But the Vikings bluff with their blitz and drop Smith, Barr and Greenway as the underneath defenders who play a matchup zone, while the rest of the secondary plays man coverage.


With the tight end releasing on a route and the running back on a check release (staying in unless there are no blitzers), the Vikings have single blocks on the offense’s left side, where they run a T-E or “tex” (tackle then end) stunt, to get a free rush for defensive end Griffen.


Griffen zeroes in on Bills quarterback Kyle Orton, dropping him for a six-yard loss on the sack.

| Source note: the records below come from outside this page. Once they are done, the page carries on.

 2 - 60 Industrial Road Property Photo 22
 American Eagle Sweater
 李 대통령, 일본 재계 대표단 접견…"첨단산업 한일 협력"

The next example comes from the Vikings-Redskins game. From this mug look, the Vikings send both linebackers and run two stunts. They run the same “tex” stunt with Griffen, but they also stunt the linebackers sending Barr first with Greenway trailing over the top.


With the running back Roy Helu off-set to quarterback Robert Griffin’s left, the Redskins slide their protection to the right, which leaves only three blockers versus four rushers.

Helu attempts to pick up Barr but is defeated at the point of attack as Griffin is dropped for a loss.


The Vikings pose a huge challenge to the Bears’ offensive line, which has allowed 24 sacks on the season. Communication and being assignment sound will be critical, as well as being able to hold up in one-on-one situations to keep a clean pocket for quarterback Jay Cutler.